Um telemóvel Nokia, daqueles que tinham o jogo da serpente e não se assemelhavam a um tijolo, custava caro. Ao que somava os valores das contas que, se não houvesse cuidado, davam, nos preços de agora, para pagar seis meses de assinatura com todos os extras que oferecem. Um telefone era coisa de rico, pior, de novo rico. O mundo não estava preparado para ouvir os toques a quebrar o silêncio a meio de um almoço ou durante uma sessão de cinema. E menos ainda para ver pessoas a falar na rua com um aparelho agarrado à orelha.
Se fosse possível pular no tempo não imagino como seriam as reacções às selfies, aos directos, às poses para o Instragram e a este novo modo de viver. Os exibicionistas de há 20 anos parecem-me todos de uma era inocente, em que o melhor da tecnologia era um telemóvel, um endereço de mail, uma máquina fotográfica digital, um computador e ter trocado as disquetes e os cd’s por uma ‘pen’.
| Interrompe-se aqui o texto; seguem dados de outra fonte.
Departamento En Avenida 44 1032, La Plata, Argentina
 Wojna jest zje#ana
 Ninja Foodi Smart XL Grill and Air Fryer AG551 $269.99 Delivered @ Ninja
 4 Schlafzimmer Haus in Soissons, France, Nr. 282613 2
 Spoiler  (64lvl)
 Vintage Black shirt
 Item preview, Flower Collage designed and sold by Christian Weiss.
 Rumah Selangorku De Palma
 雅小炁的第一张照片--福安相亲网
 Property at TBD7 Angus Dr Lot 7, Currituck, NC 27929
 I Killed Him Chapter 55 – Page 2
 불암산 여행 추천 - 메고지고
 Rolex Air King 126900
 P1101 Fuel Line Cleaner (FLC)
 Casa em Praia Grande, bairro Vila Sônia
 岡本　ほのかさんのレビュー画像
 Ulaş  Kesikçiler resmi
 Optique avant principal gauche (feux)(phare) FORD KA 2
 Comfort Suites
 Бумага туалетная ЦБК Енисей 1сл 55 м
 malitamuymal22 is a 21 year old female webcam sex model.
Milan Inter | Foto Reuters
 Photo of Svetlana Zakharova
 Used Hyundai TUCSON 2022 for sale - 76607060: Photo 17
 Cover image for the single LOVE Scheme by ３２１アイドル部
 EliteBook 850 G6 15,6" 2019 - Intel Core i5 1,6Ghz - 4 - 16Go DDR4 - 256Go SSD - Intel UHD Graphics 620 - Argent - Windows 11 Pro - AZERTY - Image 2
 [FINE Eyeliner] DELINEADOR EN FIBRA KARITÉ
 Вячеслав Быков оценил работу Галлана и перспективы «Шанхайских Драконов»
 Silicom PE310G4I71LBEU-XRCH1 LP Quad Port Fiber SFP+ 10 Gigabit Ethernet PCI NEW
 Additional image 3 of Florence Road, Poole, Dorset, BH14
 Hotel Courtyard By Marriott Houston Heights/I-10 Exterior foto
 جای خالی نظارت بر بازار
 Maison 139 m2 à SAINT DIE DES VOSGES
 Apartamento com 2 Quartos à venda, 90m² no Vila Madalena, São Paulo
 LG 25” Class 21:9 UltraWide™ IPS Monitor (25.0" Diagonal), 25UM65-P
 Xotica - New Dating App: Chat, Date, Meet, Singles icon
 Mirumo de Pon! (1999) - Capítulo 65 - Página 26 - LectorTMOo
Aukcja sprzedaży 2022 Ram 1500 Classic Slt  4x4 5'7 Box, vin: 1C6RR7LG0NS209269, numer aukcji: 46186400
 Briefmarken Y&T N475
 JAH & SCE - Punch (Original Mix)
E, a menos que se tivesse uma justificação profissional, tudo isto parecia desnecessário, uma maneira de dizer o lugar que se ocupava na escala social. O que, no início do século, significava ter coisas. Penso que a ideia de pagar para viver experiências não tinha sido inventada, até porque não havia como anunciar para milhões que se tinha escalado o Evereste ou dado um passeio de barco. Nessa altura, ir jantar a casa de alguém regressado de oito dias de férias era um massacre.
A resolução das máquinas digitais era pouca, cheias de grão; as fotos em papel, uma caixinha de surpresas, nunca captavam bem o que se via. Além de cortar cabeças, ficavam tremidas e deixavam quem estivesse à mesa do jantar com os olhos vermelhos como se fosse um filme de vampiros. A maioria de nós fez o papel educado de mostrar espanto, penso que alguns dos meus amigos fizeram o mesmo. Tal como todos, acabei por comprar um telemóvel Nokia e empatar o subsídio de férias numas férias de resort, num hotel com pequeno almoço de encher o olho e areia branca na praia.
As fotografias não fazem justiça aos escassos dias de vida de lorde, é pena. Se fosse hoje, com filtro de Instagram, uma fotografia estendida na praia, ali, no fulgor dos meus 30 anos, teria sido cá um espanto, mas calhou-me viver aqueles anos e, por isso, as fotos que tirei estão coladas a um álbum e escondidas dentro do armário da sala, por baixo de outras fotografias e tralhas sobre as quais não decidi o destino a dar. São registos dessa vida analógica, águas passadas.
As pessoas que a viveram, assim como eu, sentem alguma nostalgia. E, de facto, havia a tal inocência, a ideia segura de que todos tinham o direito ao esquecimento. Fosse o que fosse, o tempo curava, fazia desaparecer. As nossas maiores glórias, as loucuras mais extravagantes, as noitadas menos felizes, disso não temos registo. Está na nossa memória, dos que estiveram connosco e é assunto quando nos reencontramos, daquelas conversas do “lembras-te da vez...”, que fomos novos, loucos, inconscientes. Só não temos registo.